■ Instructions to follow:
Copy every record below exactly as it appears.

*** Data records ***

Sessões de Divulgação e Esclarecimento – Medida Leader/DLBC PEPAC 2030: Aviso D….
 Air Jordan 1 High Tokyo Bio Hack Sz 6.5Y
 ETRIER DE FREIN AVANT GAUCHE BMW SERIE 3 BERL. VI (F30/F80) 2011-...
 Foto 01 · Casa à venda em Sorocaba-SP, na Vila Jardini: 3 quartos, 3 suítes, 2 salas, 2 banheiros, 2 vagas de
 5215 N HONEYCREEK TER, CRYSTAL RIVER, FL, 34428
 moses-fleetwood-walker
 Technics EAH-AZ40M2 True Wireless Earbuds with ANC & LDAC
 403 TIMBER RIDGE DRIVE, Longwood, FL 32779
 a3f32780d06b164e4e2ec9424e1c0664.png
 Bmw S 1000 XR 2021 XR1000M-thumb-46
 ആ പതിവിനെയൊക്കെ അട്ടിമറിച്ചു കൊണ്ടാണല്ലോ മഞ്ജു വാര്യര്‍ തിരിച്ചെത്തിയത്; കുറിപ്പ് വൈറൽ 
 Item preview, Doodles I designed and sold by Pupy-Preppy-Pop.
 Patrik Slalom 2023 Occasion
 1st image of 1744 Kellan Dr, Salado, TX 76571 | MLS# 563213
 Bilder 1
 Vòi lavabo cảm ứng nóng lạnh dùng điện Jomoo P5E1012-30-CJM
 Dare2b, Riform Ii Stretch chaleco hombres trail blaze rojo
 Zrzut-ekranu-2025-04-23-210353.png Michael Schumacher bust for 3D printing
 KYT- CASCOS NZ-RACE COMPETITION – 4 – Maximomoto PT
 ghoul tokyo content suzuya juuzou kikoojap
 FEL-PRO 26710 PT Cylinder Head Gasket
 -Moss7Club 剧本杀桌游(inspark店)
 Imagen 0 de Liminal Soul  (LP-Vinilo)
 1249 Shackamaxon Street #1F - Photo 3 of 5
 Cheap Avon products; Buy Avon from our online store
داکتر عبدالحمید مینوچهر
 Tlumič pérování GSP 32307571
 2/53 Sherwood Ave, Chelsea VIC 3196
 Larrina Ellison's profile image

*** End of Data records ***

■ Solution to this task:
Sessões de Divulgação e Esclarecimento – Medida Leader/DLBC PEPAC 2030: Aviso D….
 Air Jordan 1 High Tokyo Bio Hack Sz 6.5Y
 ETRIER DE FREIN AVANT GAUCHE BMW SERIE 3 BERL. VI (F30/F80) 2011-...
 Foto 01 · Casa à venda em Sorocaba-SP, na Vila Jardini: 3 quartos, 3 suítes, 2 salas, 2 banheiros, 2 vagas de
 5215 N HONEYCREEK TER, CRYSTAL RIVER, FL, 34428
 moses-fleetwood-walker
 Technics EAH-AZ40M2 True Wireless Earbuds with ANC & LDAC
 403 TIMBER RIDGE DRIVE, Longwood, FL 32779
 a3f32780d06b164e4e2ec9424e1c0664.png
 Bmw S 1000 XR 2021 XR1000M-thumb-46
 ആ പതിവിനെയൊക്കെ അട്ടിമറിച്ചു കൊണ്ടാണല്ലോ മഞ്ജു വാര്യര്‍ തിരിച്ചെത്തിയത്; കുറിപ്പ് വൈറൽ 
 Item preview, Doodles I designed and sold by Pupy-Preppy-Pop.
 Patrik Slalom 2023 Occasion
 1st image of 1744 Kellan Dr, Salado, TX 76571 | MLS# 563213
 Bilder 1
 Vòi lavabo cảm ứng nóng lạnh dùng điện Jomoo P5E1012-30-CJM
 Dare2b, Riform Ii Stretch chaleco hombres trail blaze rojo
 Zrzut-ekranu-2025-04-23-210353.png Michael Schumacher bust for 3D printing
 KYT- CASCOS NZ-RACE COMPETITION – 4 – Maximomoto PT
 ghoul tokyo content suzuya juuzou kikoojap
 FEL-PRO 26710 PT Cylinder Head Gasket
 -Moss7Club 剧本杀桌游(inspark店)
 Imagen 0 de Liminal Soul  (LP-Vinilo)
 1249 Shackamaxon Street #1F - Photo 3 of 5
 Cheap Avon products; Buy Avon from our online store
داکتر عبدالحمید مینوچهر
 Tlumič pérování GSP 32307571
 2/53 Sherwood Ave, Chelsea VIC 3196
 Larrina Ellison's profile image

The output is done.